Mental health parity has been a political applause line for more than three decades. And it’s been federal law since 1996, when President Bill Clinton signed the Mental Health Parity Act, a statute whose obligations were reiterated, expanded and refined in the 2008 Mental Health Parity and Addiction Equity Act. But it is yet to be a reality in the lives of millions of Americans, who, grappling with complex rules written by private insurers, still far too often struggle to obtain the affordable, high-quality psychological and psychiatric help they need, when they need it. Indeed, the disparities in access are only widening in recent years.
To the rescue, he hopes, comes President Joe Biden, with a proposed federal rule aimed at health insurers. It would demand health plans evaluate the real-world effects of their coverage rules to be sure that mental health and medical benefits are equivalent; demand plain-language explanations with specific examples of what health plans will and won’t cover; and close loopholes in order to ensure the federal parity law reaches another 200 health plans covering nearly 100,000 additional Americans.
Assuming it all takes effect, Americans will soon enough be able to gauge for themselves whether they feel the difference in a meaningful way.
Even before then-Second Lady Tipper Gore, who went public with her struggle with depression, equalizing access to mental health care has been an easy cause for the powerful to champion. New Yorkers remember well how then-First Lady Chirlane McCray talked up the billion-dollar ThriveNYC, which said many of the right things but did far too little to ensure people on the ground — and especially the most seriously mentally ill — get timely help, including, in some cases, court-ordered outpatient or even in-patient treatment plans.
The disconnect remains. Not only do families need far easier access to psychologists and psychiatrists to get early and consistent help for depression or bipolar disorder or eating disorders or ADHD or whatever else they may be struggling with, but government and medical providers need stronger tools to ensure that the most seriously mentally ill on New York City’s streets, disconnected from support networks, get treatment for the psychoses that plague them. Any mental health parity agenda that addresses one without the other is incomplete.
That’s why it’s long past time for Congress to end the “IMD exclusion,” a federal law prohibiting Medicaid payments for any “institutions of medical disease,” which means any “hospital, nursing facility or other institution of more than 16 beds that is primarily engaged in providing diagnosis, treatment or care of persons with mental diseases, including medical attention, nursing care and related services.” A provision intended to stop the warehousing of people in asylums has wound up cutting off the flow of federal funds to people in the throes of crippling psychological conditions.

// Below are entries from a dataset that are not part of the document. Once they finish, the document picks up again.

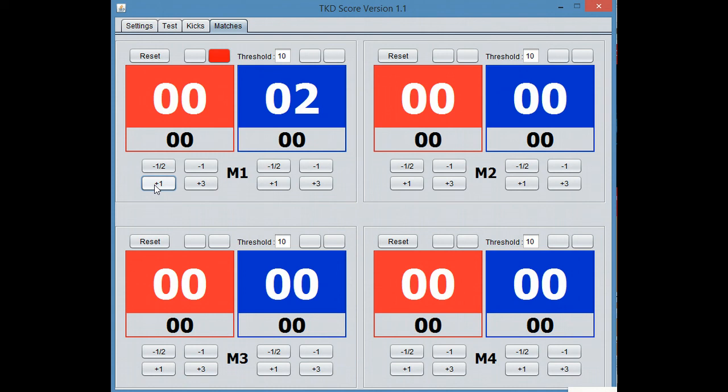So if someone yells, hey, just give Red a head point, boom, you can hit it. And it's just going to be really simple and easy to use.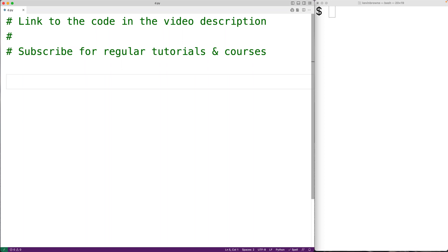In this video, we're going to learn how to implement the binary search algorithm using recursion in Python. The binary search algorithm allows us to find the index of a value in a sorted list. It is notable for being much more efficient than the linear search algorithm because it takes advantage of the fact that the list is sorted.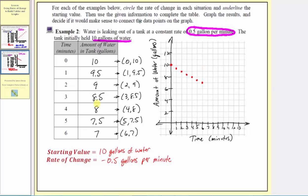Now that we've plotted the data from the table, let's revisit the question: decide if it would make sense to connect the data points on the graph. In this case, it does make sense to connect the points and form a line segment from time equals 0 all the way out to time 20 minutes, which is when the tank would be empty. Every point on the line segment makes sense because it indicates a particular time and the amount of water in the tank at that time. So let's go ahead and connect these points.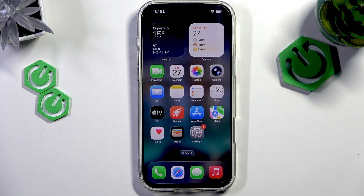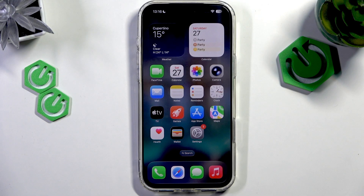Hello everyone, welcome to the Hervisa channel. Today I'm going to show you how to change iMessage backgrounds on the iPhone 17 Pro and iPhone 17 Pro Max.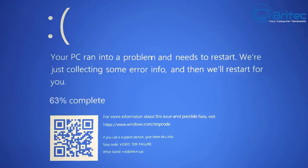Here's another video on fixing the VIDEO_TDR_FAILURE error. This is a graphics problem and I'm going to show you how to try and resolve it. If you're receiving blue screens of death just like this one, then this video is for you — it's a pretty common problem with graphics cards.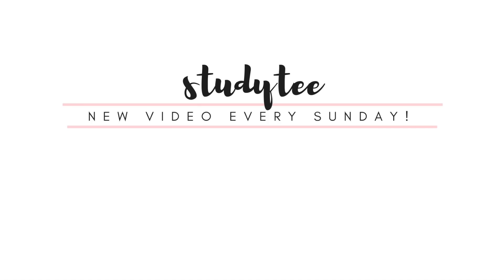So that is it for this morning routine. I really hope that you liked it and I will see you again next week with another video.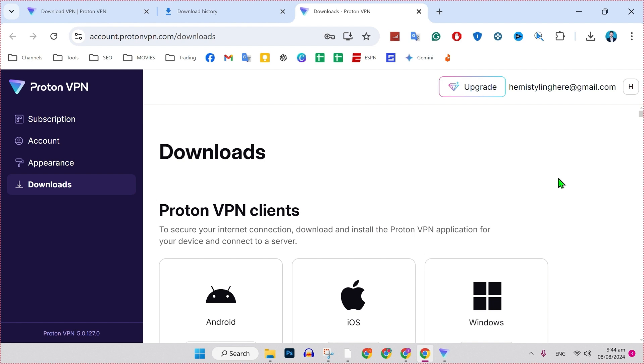Our Proton VPN account is successfully created. So, that's how you can create an account in Proton VPN in just a few steps.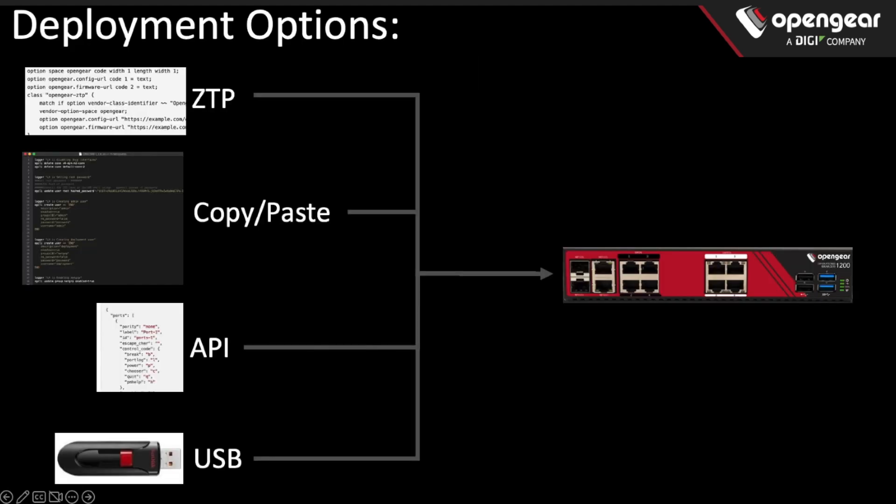There are several deployment options, including zero-touch provisioning, making API calls. But often, in a new network, there is no network, and those services are not available. You can copy and paste, which is a very traditional way of configuring the console servers, but a much more easy way to do it is to use a USB stick to configure the console server from defaults.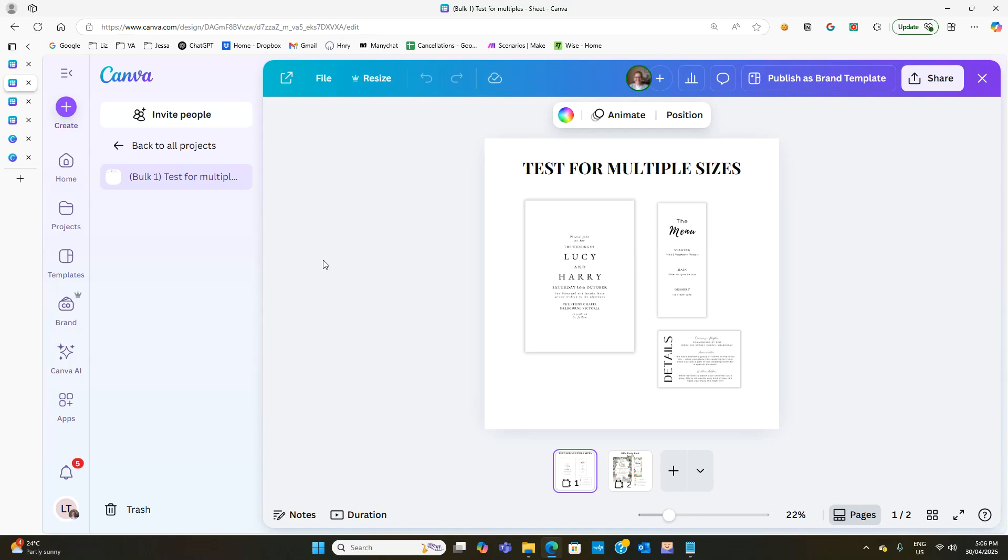And if you pair it with my Etsy listing automation, it'd be even faster. So check that out. I'll put the video on the screen.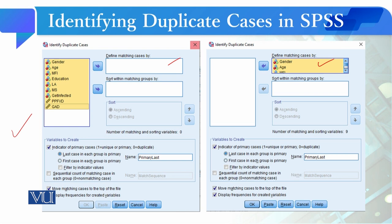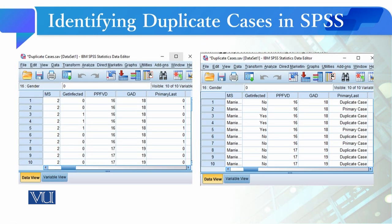Open the dialog and select the variables — these are the default options. Select the required variables and click OK. A new variable will be created. The cases marked as 0 are the duplicate cases, and the cases marked as 1 are the primary cases, as you can see in the output view.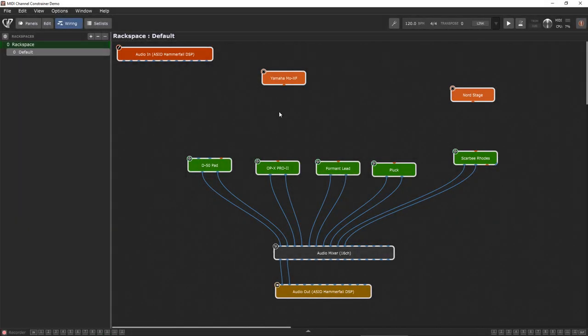Hi and welcome to a new Gig Performer version 4 tutorial. In this video I'd like to show you the new MIDI channel constrainer in Gig Performer 4.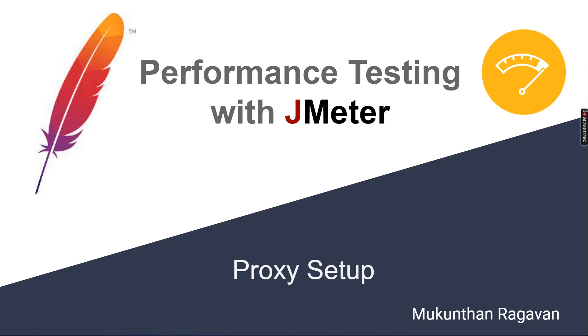This is Mundan Raghavan and in this video we are going to do the proxy setup for JMeter so that we can record and playback our scripts using JMeter.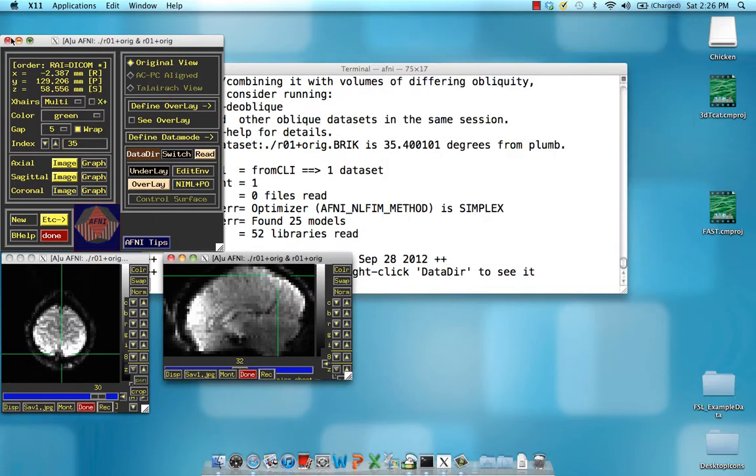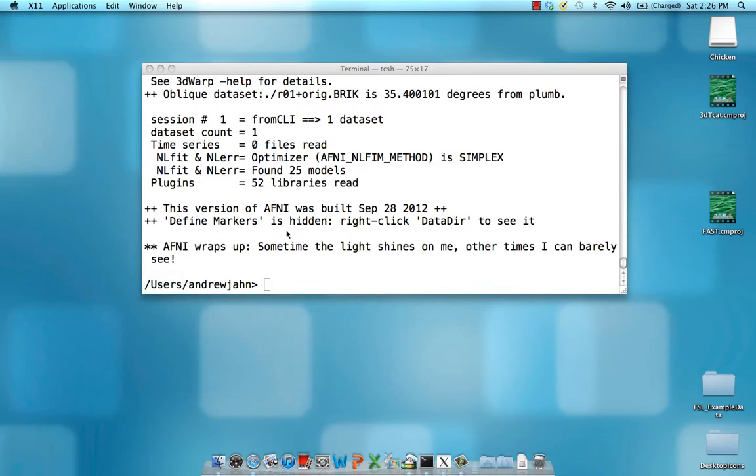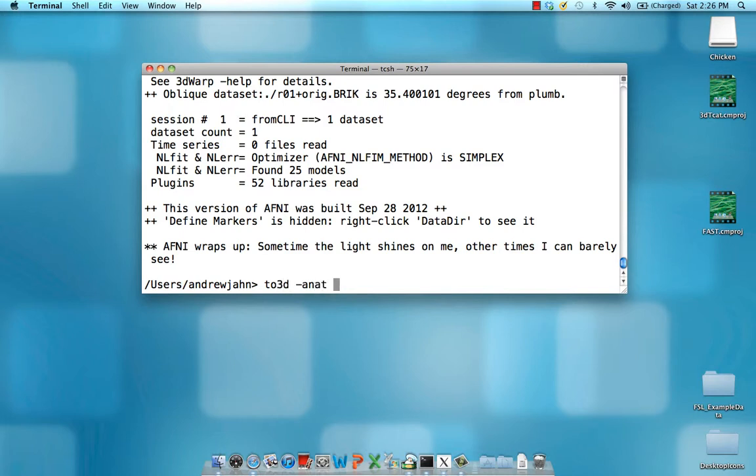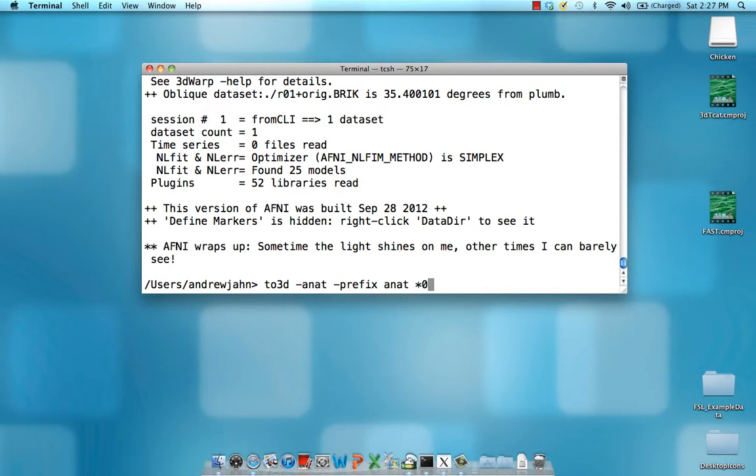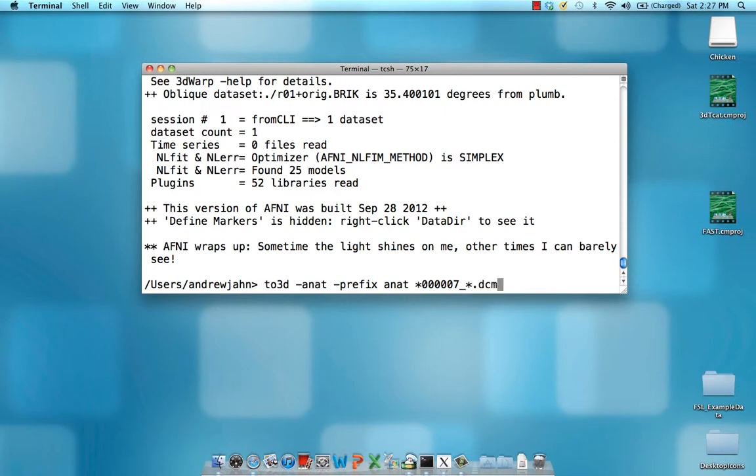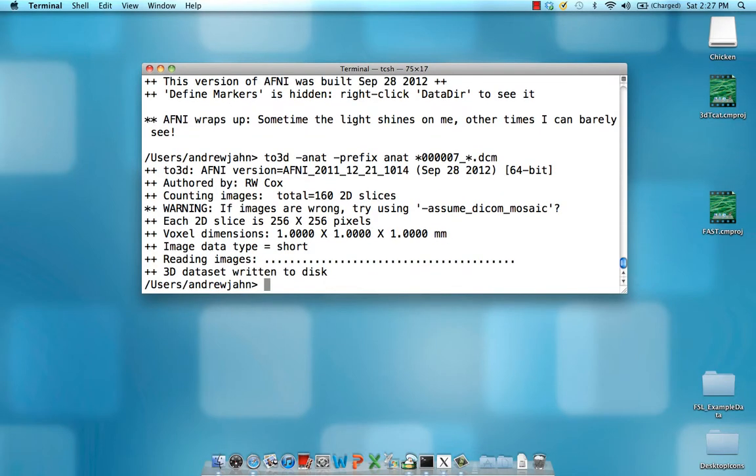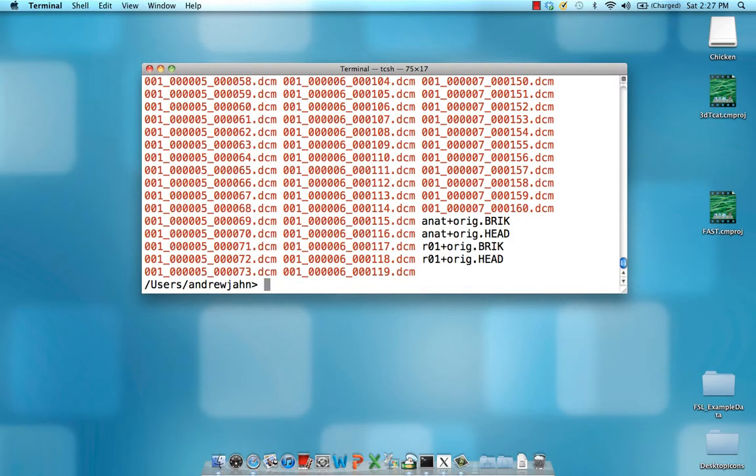Now we're going to do the exact same thing, the exact same logic, but to convert the anatomical data set, which requires fewer arguments and is more straightforward. All it requires is the command to3d and a -anat flag, which specifies that this converted data set is an anatomical data set. We can also have a prefix, which can be anat for the anatomical. And again, we're going to use these wildcards to only grab run number seven, which if you recall, I mentioned before was the anatomical run. So five zeros and a seven underscore, another asterisk and then dot DCM. So it's already done. It's already converted that.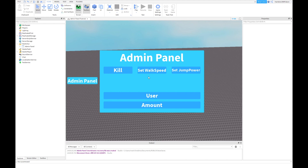Hey guys, I am now recording part 2 of the users admin panel. I have a pretty interesting command — it is give and remove player stats, but it will just get access to removing your own stats. I don't know how to make it so you can remove other players' stats.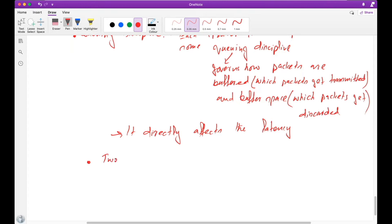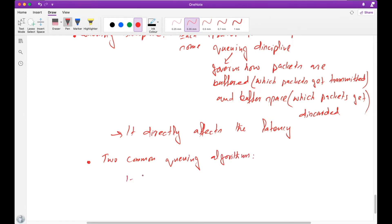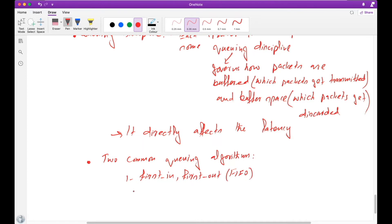The two common queuing algorithms are: number one, First In First Out (FIFO), and the second one is called Fair Queuing.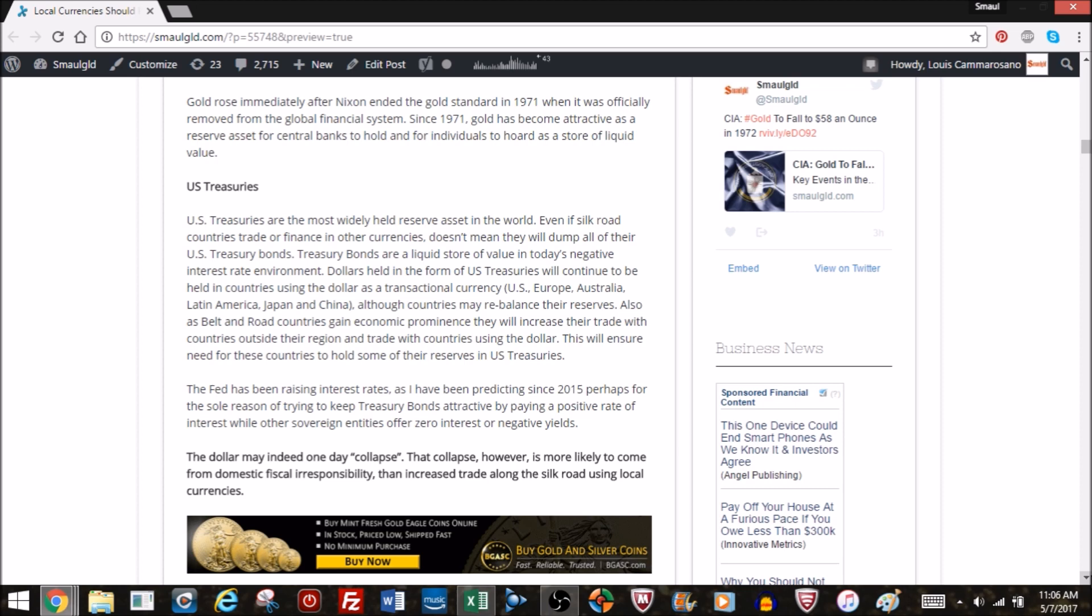Treasury bonds, like gold, like bitcoin, are a liquid store of value in today's negative interest rate environment. We're not debating whether bitcoin is better, there's limited supply of bitcoin, same with gold, treasuries they can print forever. But in the international monetary system, treasury bonds are a liquid store of value, especially in today's negative interest rate environment. Dollars held in the form of US treasuries will continue to be held even by countries not using the dollar as transactional currency. So if you're in the United States, Europe, Australia, Latin America, Japan, and China, and you're doing trade in dollars, you're going to hold US treasury bonds, even though these countries may rebalance their reserves. Also, as belt and road countries gain economic provenance, they'll start to increase their trade with countries outside the region using the dollar, and they'll probably want to hold some reserves in US treasuries.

Ailments afflicting the mind are no less serious or worthy of care than those afflicting the body. Indeed, it may well be that authorities have even more reason to ensure treatment is provided in the former case, for all too often people suffering from serious psychological conditions are unaware that they need help. In those cases, it takes a concerted effort by friends of family members, or by the doctors and courts, to ensure that help reaches them.